Short text fragments from websites

----------

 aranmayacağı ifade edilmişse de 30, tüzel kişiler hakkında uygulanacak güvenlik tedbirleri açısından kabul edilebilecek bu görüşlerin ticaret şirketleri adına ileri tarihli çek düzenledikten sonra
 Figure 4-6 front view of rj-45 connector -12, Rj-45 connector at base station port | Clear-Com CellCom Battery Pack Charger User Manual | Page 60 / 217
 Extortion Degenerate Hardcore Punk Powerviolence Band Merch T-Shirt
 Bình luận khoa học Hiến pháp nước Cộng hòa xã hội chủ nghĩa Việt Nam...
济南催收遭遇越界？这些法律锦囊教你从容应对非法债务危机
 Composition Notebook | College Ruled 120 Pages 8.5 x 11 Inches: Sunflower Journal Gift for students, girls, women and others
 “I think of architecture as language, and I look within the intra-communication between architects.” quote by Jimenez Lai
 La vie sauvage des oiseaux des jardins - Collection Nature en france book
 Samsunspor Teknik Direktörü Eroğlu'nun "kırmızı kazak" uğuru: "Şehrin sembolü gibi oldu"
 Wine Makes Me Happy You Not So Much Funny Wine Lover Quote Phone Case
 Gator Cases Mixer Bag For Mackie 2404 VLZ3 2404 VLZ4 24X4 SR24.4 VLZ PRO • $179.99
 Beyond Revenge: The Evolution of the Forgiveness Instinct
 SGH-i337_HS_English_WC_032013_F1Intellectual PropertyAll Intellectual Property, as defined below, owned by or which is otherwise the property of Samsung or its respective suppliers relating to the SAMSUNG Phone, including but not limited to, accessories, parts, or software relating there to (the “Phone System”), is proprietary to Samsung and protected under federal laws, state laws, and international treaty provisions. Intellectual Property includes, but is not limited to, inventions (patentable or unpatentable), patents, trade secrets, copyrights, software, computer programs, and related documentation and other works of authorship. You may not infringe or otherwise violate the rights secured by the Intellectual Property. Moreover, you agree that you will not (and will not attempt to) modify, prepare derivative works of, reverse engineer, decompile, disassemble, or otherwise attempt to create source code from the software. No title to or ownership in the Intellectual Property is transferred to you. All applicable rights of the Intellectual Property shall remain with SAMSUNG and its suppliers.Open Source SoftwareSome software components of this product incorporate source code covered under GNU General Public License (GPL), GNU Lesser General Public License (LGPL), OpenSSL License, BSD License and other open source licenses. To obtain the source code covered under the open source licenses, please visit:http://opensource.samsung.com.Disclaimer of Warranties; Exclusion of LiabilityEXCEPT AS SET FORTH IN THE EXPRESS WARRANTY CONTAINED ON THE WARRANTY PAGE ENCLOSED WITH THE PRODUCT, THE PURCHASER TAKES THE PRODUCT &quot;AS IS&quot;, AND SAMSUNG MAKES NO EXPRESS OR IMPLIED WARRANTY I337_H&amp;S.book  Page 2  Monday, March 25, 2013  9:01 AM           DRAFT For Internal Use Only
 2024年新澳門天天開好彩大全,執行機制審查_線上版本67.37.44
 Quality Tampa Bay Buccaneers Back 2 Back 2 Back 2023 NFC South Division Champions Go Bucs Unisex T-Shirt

----------

Give back precisely the lines above that start at the line containing "Wine Makes Me" and end at the line containing "Beyond Revenge: The", inclusive. No other lines belong in the output.

 Wine Makes Me Happy You Not So Much Funny Wine Lover Quote Phone Case
 Gator Cases Mixer Bag For Mackie 2404 VLZ3 2404 VLZ4 24X4 SR24.4 VLZ PRO • $179.99
 Beyond Revenge: The Evolution of the Forgiveness Instinct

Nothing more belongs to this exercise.